Curried Chicken Corn Chowder


Servings:  6 


Ingredients:
1 tablespoon olive oil
1/2 cup bacon - diced small
2 cup onion - diced
1 cup celery - diced
1 cup zucchini diced
1 tbsp. red curry paste or curry powder
1 large chicken breast  - cut up into med. cubes
2 tbsp.  potato starch
1 large  potato - if using Russet - peeled and diced into large chunks
1 can kernel corn (12 oz./341 ml can) or 2 corn on the cobs
6-8 cups  soup stock (broth) of choice.

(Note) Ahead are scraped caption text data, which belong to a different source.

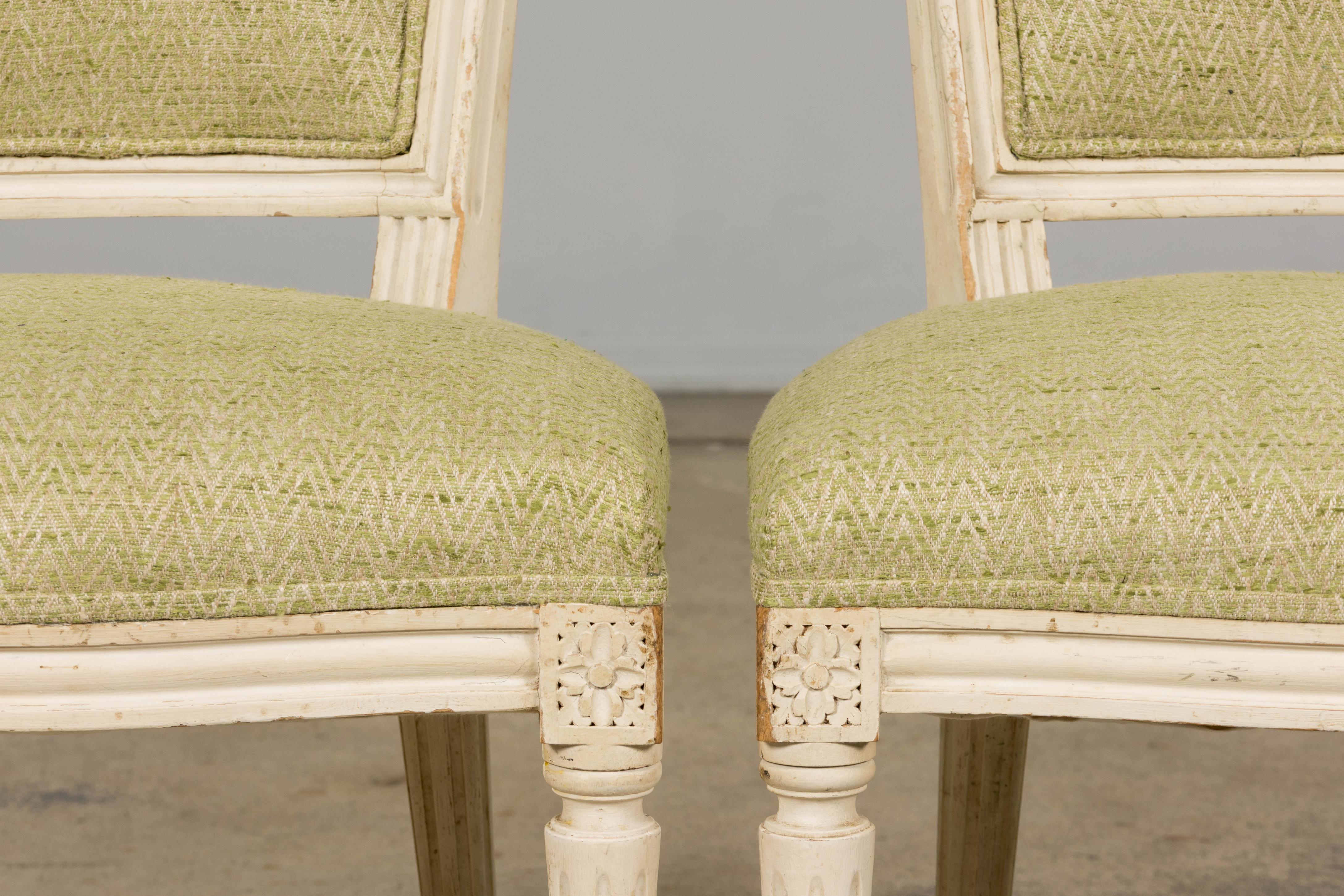 Exquisita pareja de antiguas sillas de acento francesas restauradas de estilo Marie Antoinette-Louis XVI, procedentes de Provenza. Cada silla presenta un respaldo en forma de escudo finamente tallado a mano, acabado en un cremoso blanco antiguo con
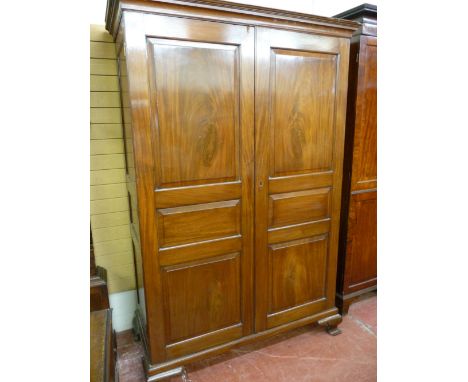 A VICTORIAN MAHOGANY CHAMFERED PANEL FRONT TWO DOOR WARDROBE, the twin three panel doors opening to reveal a lined interior w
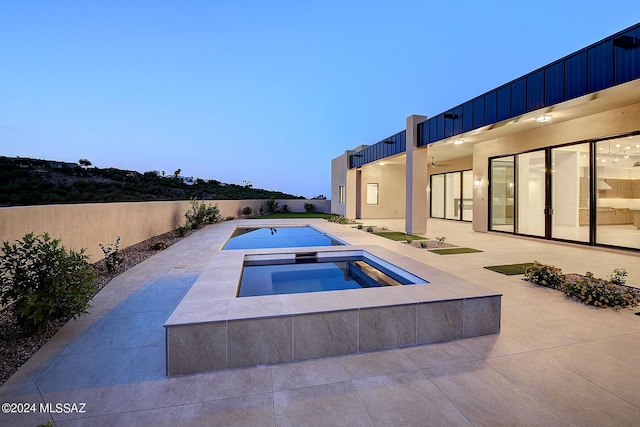 pool at dusk with an in ground hot tub and a patio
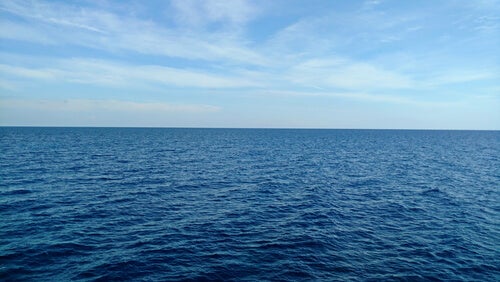 A picture of the sea looking calm.
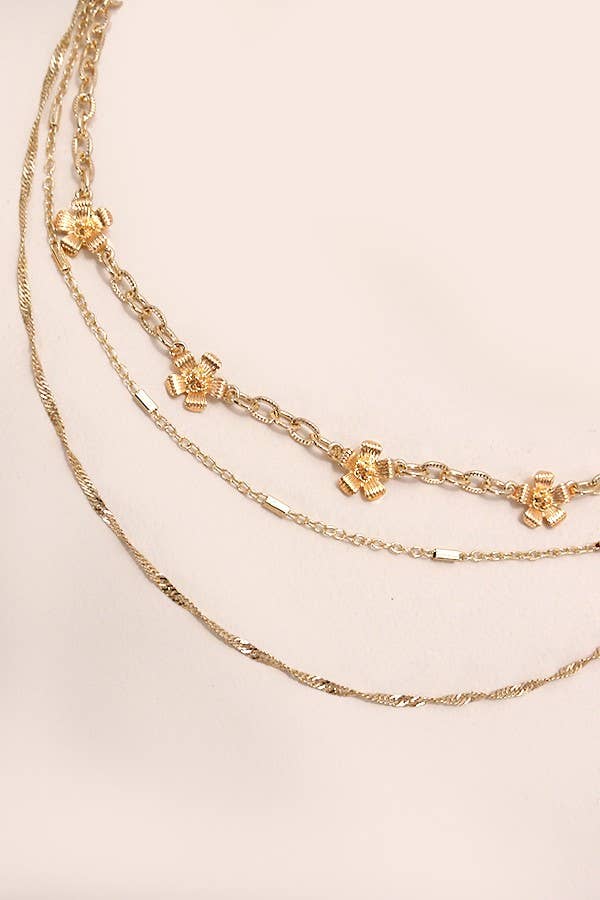 Three gold necklaces with charms on a beige background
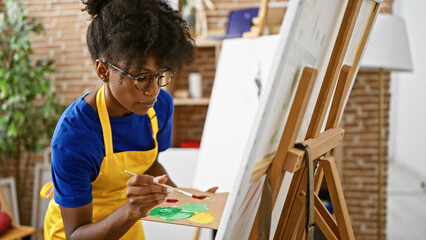 African american woman artist drawing at art studio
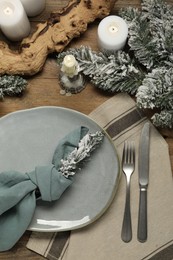 Photo of Christmas place setting with plate, cutlery and festive decor on wooden table, flat lay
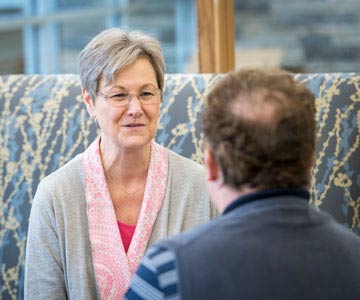 A mature woman and man converse at the Samaritan Pastega Regional Cancer Center in Corvallis, Oregon.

I am using chicken stock for this recipe
salt & pepper to taste

Heat a large soup pot over medium and add olive oil.
Sauté bacon with the onions. 
Add potato starch to thicken the chowder. If gluten is not an issue you can use 1/4 cup of all purpose flour instead of potato starch.
Add remaining vegetables and chicken and cook until the onions are transparent.
Add curry and salt & pepper.
Add corn, diced potatoes & soup stock (veggie or chicken).
Stir well and leave on the medium high heat to bring up to the boil.
Once boiled, stir and immediately reduce the heat and simmer for 15- 20 minutes until the potato is cooked. 
Serve hot with fresh bread or your families favourites crackers.